We were delighted to announce Carmen Maria Machado as the winner of the 2021 Rathbones Folio Prize for her breathtakingly inventive, unflinching memoir In the Dream House.

Machado was awarded the £30,000 prize for the memoir tracing her relationship with a charismatic but volatile woman, and breaks down the idea of what the memoir form can do and be – and bravely approaches a subject for which literary treatment has been extremely rare.
In a unanimous decision, the judges Roger Robinson, Sinéad Gleeson and Jon McGregor deemed In the Dream House the best book on what was a strong and widely discussed 2021 shortlist, also containing novels, auto-fiction, poetry, and poetry with photography.
Roger Robinson made the announcement on 24 March as part of the prize ceremony, which was hosted from the British Library by BBC broadcaster, Razia Iqbal. The Rathbones Folio Prize, also known as the Writers’ Prize, rewards the best work of literature of the year, regardless of form.
Machado, who is 34 and lives in Pennsylvania, has spoken about how she hadn’t encountered narratives of queer domestic abuse before and how, lacking context and precedents, she could not make sense of her own experience.
The dedication reads: “If you need this book, it is for you”.
"Working with extreme precision and discipline, Machado weaves these elements together to create what, in the end, emerges as a linear narrative."
Each short chapter is named according to the same formula – “Dream House as Confession,” “Dream House as Noir,” “Dream House as Word Problem” – and applies its own narrative lens, approach and genre, from classic romance to ghost story, from psychological suspense feminist manifesto. Working with extreme precision and discipline, Machado weaves these elements together to create what, in the end, emerges as a linear narrative. Paul Stockton, CEO of Rathbones, said: “Rathbones is proud to sponsor a prize that brings us the best of literature and storytelling being written today.

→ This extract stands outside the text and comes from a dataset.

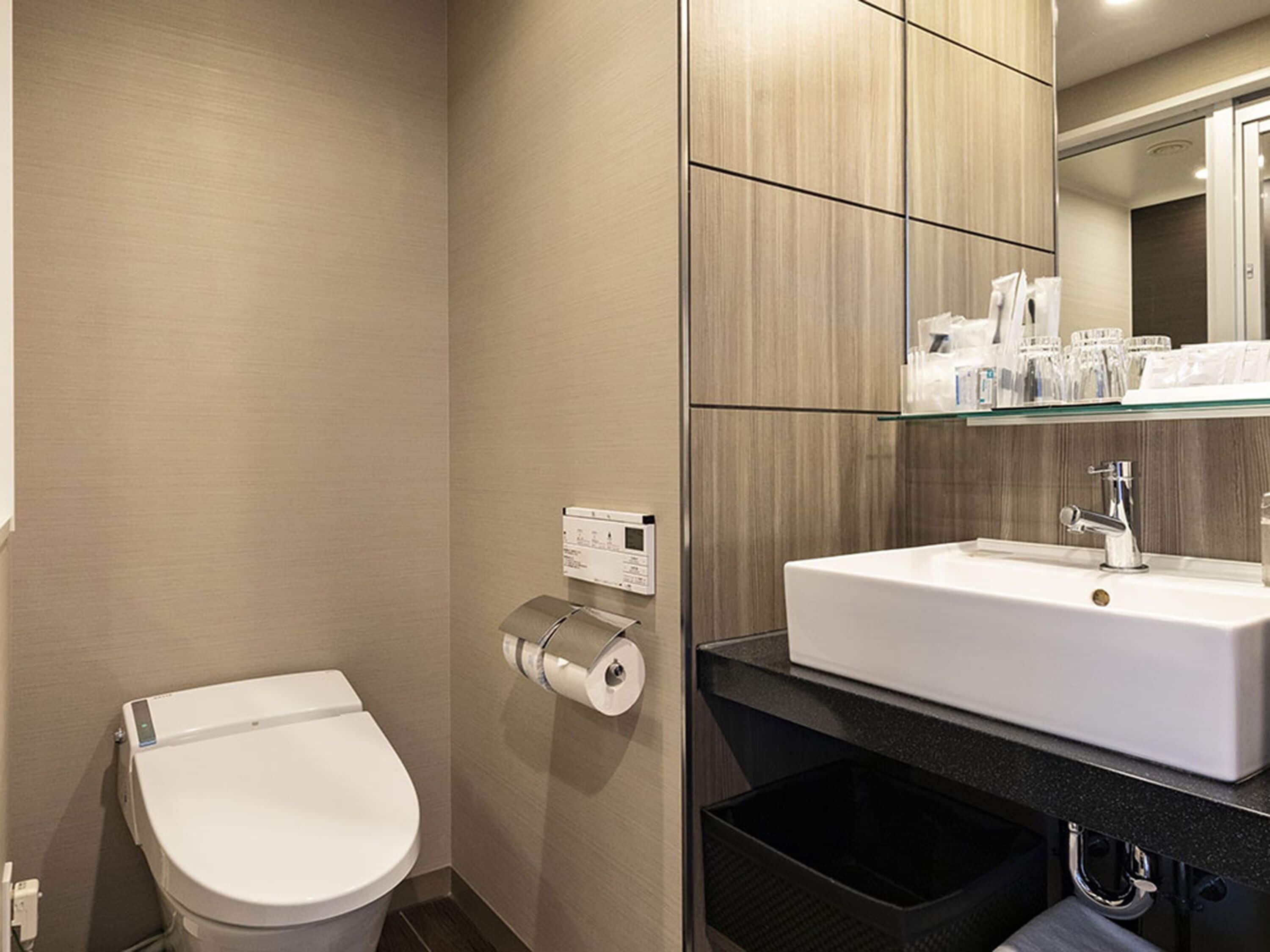 premium bedding, in-room safe, desk, iron/ironing board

Our congratulations go to Carmen Maria Machado her high-quality and thoughtful work In the Dream House, but also to all contenders this year for their excellent contributions. We are thrilled that the Rathbones Folio Prize plays such an important part in the nurture and support of such fine writing talent, and welcome how much better society is for it to be recognised.”
Machado was shortlisted alongside Sara Baume (handiwork), Amina Cain (Indelicacy), Elaine Feeney (As You Were), Caleb Femi (Poor), Rachel Long (My Darling from the Lions), Doireann Ní Ghríofa (A Ghost in the Throat), and Monique Roffey (The Mermaid of Black Conch).
In winning, she joins Valeria Luiselli (2020), Raymond Antrobus (2019), Richard Lloyd Parry (2018), Hisham Matar (2017), Akhil Sharma (2015) and George Saunders (2014) as previous winners of the prize – the only one governed by an international academy of distinguished writers and critics, the Folio Academy.
About the Rathbones Folio Prize
The Rathbones Folio Prize is borderless and open to all genres – fiction, non-fiction, and poetry – which means it reflects a greater diversity and variety of voices present in our literary culture and society as a whole.
The prize is the flagship of the Rathbones Folio Programme, which also includes the Rathbones Folio Prize Mentorships for aspiring young writers and Rathbones Folio Prize Sessions at literary festivals across the UK.